Hi all,
Excuse me.
ˇ·However, calculations limit any one partition to 2^31 chunks in total. ie a
ˇ·total partition of 2^41.
Chunk ID is 32 bit long. That should be 2^32 in paper. But I don't know
why Charles means 2^31 here. Are there 2 id can't be used in defalut or Is it his carelessness?
So that should be 2^32 ^ 2^11= 2^43B, when Chunk size is 2kb. Thanks!
2008/10/21 Charles Manning
<manningc2@actrix.gen.nz>
> Hi
> I want to know clearly the maximam file system size for YAFFS2 can
> handle.
> In file ysffs_guts.h, there're ysffs_Tags structure:
> typedef struct {
> unsigned chunkId:20;
> unsigned serialNumber:2;
> unsigned byteCount:10;
> unsigned objectId:18;
> unsigned ecc:12;
> unsigned unusedStuff:2;
>
> } yaffs_Tags;
> I can calculate the maximum file system size YAFFS2 can handle by
> following algorithm:
> (2^20)*(2^18)*(2kb)= 2^49B //Chunk size is 2kb
> Am I right?
> Appreciate for your reply!
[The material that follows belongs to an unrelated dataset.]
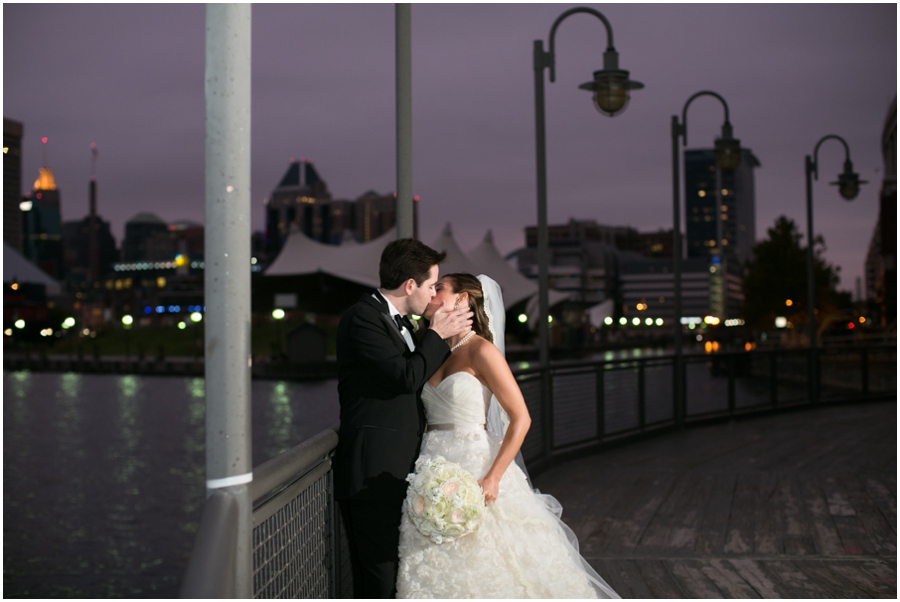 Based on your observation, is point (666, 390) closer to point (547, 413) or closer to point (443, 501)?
point (547, 413)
Thanks.
While you have chosen the wrong structure here (yaffs_Tags is only relevent to
the yaffs1 mode of operation), the basic idea is almost correct.
yaffs2 uses the yaffs_PackedTags2 structure. This allows up to 32 bits for the
chunk Id. That limits any particular file to 2^42 (assuming 2048-byte
chunks).
However, calculations limit any one partition to 2^31 chunks in total. ie a
total partition of 2^41.
However, all the structures use RAM and thus real-world RAM limitations are
more likely to cause problems first.